Elle se retient de justesse avant de prononcer son prénom.

— Merde ! C'est chiant Jen de ne jamais pouvoir prononcer leur prénom devant toi. En plus, t'as eu l'air d'apprécier leur chanson tout à l'heure.

Pour le coup, elle marque un point.

— C'est vrai. Je ne veux pas de prénom, mais si ça peut te faire plaisir, tu peux me le décrire, lui dis-je en détachant ma ceinture.

— Il est super canon. C'est un grand blond aux yeux bleus. Il a posé pour plusieurs magazines, torse nu et mon Dieu, si tu voyais ses abdos, ils sont à se damner.

— Tant que ça ?

— Ouais, lâche-t-elle rêveuse.

Je lui lance un sourire avant de quitter la cabine. Elle me fait trop rire. J'aimerais bien avoir son insouciance, malheureusement ça fait très longtemps que j'ai perdu la mienne.

Quelques minutes après, nous rejoignons Antonio dans le hall de l'aéroport. Ravie de le revoir, je me jette dans ses bras. Tout aussi content que moi, il me rend mon étreinte et nous restons ainsi jusqu'à ce que Leslie y mette un terme.
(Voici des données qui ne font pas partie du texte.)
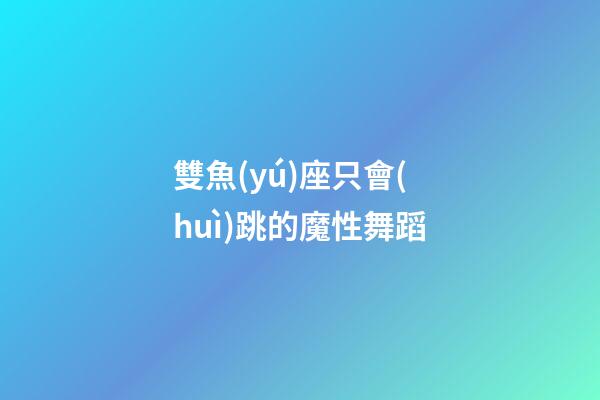 雙魚(yú)座只會(huì)跳的魔性舞蹈-第1張-星座運(yùn)勢(shì)-玄機(jī)派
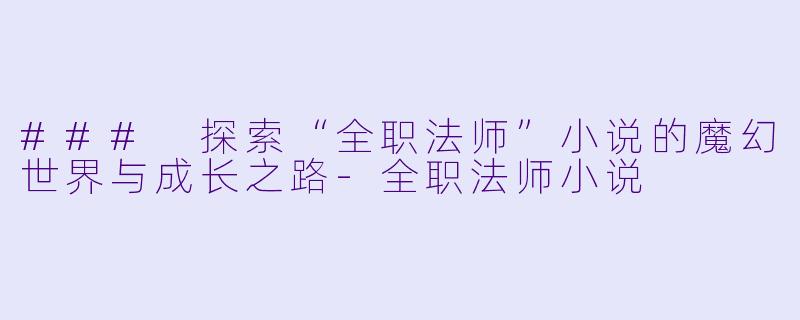 ### 探索“全职法师”小说的魔幻世界与成长之路-全职法师小说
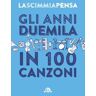 Gli anni 2000 in 100 canzoni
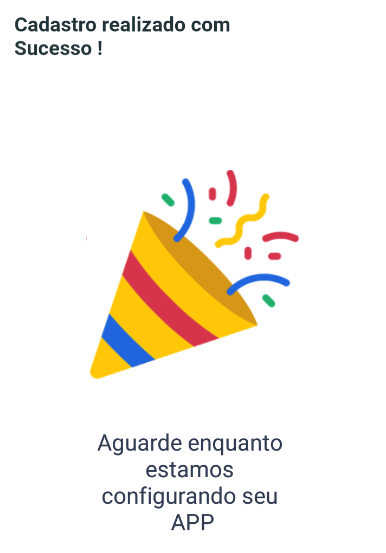 Tela com mensagem "Cadastro realizado com Sucesso!" e instrução "Aguarde enquanto estamos configurando seu APP"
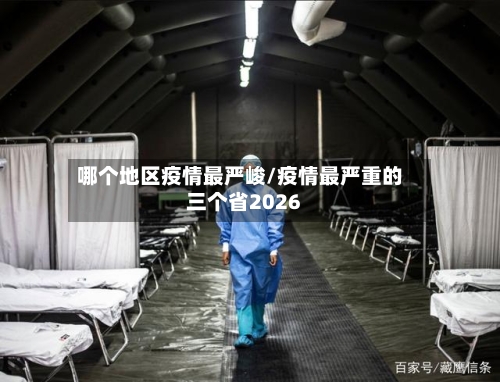 哪个地区疫情最严峻/疫情最严重的三个省2026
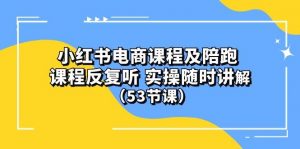 (10170期）小红书电商课程陪跑课 课程反复听 实操随时讲解 （53节课）-创库88项目资源网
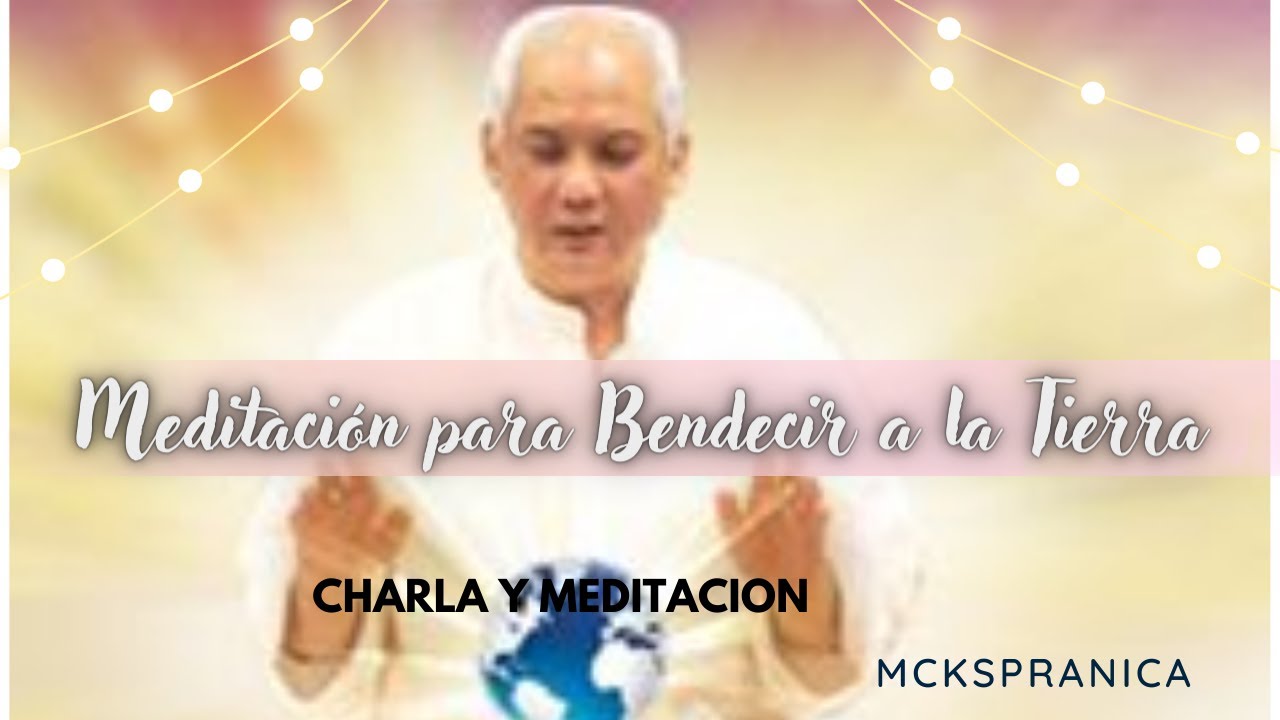 Meditacion para bendecir la tierra. Ancla la luz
— Dis-moi, Antonio, est-ce qu'ils sont arrivés ?

Tous deux n'entretiennent pas la même relation que lui et moi. Tandis que la nôtre se situe sur un plan amical, celle qu'il y a entre eux est strictement professionnel.

— Non, mademoiselle. J'ai entendu dire qu'il devrait arriver à l'hôtel d'ici une heure.

— Bien dans ce cas, ne perdons pas de temps. Je tiens vraiment à arriver avant eux.